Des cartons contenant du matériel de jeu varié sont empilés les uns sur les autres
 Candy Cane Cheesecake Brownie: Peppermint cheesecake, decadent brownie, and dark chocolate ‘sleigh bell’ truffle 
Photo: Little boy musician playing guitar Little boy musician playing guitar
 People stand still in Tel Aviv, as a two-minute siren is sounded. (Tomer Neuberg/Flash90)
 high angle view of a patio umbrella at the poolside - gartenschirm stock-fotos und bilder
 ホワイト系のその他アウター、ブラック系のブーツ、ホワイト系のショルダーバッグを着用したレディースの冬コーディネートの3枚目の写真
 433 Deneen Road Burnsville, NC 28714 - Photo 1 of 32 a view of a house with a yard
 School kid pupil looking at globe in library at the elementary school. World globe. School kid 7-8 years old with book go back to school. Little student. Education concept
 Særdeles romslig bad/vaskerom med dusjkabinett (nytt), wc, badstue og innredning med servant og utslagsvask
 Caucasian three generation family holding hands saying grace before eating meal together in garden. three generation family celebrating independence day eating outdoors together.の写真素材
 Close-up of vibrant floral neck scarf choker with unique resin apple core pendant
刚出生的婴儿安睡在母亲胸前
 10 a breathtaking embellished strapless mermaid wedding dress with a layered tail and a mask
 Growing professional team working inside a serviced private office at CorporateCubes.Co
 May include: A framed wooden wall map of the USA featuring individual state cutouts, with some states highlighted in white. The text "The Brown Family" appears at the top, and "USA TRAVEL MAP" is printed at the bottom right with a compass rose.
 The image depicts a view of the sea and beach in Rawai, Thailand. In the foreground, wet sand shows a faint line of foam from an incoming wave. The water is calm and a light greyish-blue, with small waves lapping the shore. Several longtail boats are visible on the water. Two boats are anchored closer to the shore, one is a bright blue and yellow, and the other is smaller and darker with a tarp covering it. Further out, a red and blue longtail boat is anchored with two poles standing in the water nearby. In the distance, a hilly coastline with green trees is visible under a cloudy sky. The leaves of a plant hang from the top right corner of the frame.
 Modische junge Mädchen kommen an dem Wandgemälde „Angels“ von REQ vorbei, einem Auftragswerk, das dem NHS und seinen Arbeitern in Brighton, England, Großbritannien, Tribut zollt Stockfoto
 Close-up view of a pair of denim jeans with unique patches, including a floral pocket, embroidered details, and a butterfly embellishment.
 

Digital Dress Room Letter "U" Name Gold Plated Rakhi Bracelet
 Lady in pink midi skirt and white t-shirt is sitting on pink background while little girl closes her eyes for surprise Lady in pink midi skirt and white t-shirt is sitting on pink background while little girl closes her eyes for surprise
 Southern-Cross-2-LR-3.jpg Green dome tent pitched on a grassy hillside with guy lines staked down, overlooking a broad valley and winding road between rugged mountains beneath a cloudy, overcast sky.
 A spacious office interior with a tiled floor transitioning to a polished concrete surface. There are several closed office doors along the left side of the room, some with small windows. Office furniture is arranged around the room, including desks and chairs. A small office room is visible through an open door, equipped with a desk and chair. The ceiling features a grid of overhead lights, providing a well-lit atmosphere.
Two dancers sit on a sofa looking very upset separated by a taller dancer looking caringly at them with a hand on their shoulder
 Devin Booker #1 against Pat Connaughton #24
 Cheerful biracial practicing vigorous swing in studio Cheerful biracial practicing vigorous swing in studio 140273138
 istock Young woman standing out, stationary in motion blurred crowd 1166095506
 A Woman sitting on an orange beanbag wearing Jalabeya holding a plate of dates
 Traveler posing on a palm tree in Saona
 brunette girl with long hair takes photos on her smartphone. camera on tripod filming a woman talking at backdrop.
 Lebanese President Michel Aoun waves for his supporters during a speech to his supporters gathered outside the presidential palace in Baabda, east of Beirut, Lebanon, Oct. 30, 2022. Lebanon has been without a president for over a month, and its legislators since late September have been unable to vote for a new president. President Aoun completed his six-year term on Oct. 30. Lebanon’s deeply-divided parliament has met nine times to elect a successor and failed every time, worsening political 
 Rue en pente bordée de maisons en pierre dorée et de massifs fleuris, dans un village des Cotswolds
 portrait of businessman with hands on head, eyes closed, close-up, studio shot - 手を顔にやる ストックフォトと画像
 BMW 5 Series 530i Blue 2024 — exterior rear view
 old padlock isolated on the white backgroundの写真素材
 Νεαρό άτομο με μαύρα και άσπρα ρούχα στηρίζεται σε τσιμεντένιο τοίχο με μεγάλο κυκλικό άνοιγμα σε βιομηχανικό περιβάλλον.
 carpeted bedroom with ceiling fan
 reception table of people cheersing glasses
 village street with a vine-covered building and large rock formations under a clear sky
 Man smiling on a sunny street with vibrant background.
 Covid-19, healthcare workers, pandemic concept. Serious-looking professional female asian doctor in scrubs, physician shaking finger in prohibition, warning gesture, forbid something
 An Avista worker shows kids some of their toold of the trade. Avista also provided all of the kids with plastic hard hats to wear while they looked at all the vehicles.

────────

__REQUIRED ACTION__
From the material above, set down exactly the lines starting at the one with "ホワイト系のその他アウター、" and ending at the one with "May include: A", end lines included.

__SOLUTION__
 ホワイト系のその他アウター、ブラック系のブーツ、ホワイト系のショルダーバッグを着用したレディースの冬コーディネートの3枚目の写真
 433 Deneen Road Burnsville, NC 28714 - Photo 1 of 32 a view of a house with a yard
 School kid pupil looking at globe in library at the elementary school. World globe. School kid 7-8 years old with book go back to school. Little student. Education concept
 Særdeles romslig bad/vaskerom med dusjkabinett (nytt), wc, badstue og innredning med servant og utslagsvask
 Caucasian three generation family holding hands saying grace before eating meal together in garden. three generation family celebrating independence day eating outdoors together.の写真素材
 Close-up of vibrant floral neck scarf choker with unique resin apple core pendant
刚出生的婴儿安睡在母亲胸前
 10 a breathtaking embellished strapless mermaid wedding dress with a layered tail and a mask
 Growing professional team working inside a serviced private office at CorporateCubes.Co
 May include: A framed wooden wall map of the USA featuring individual state cutouts, with some states highlighted in white. The text "The Brown Family" appears at the top, and "USA TRAVEL MAP" is printed at the bottom right with a compass rose.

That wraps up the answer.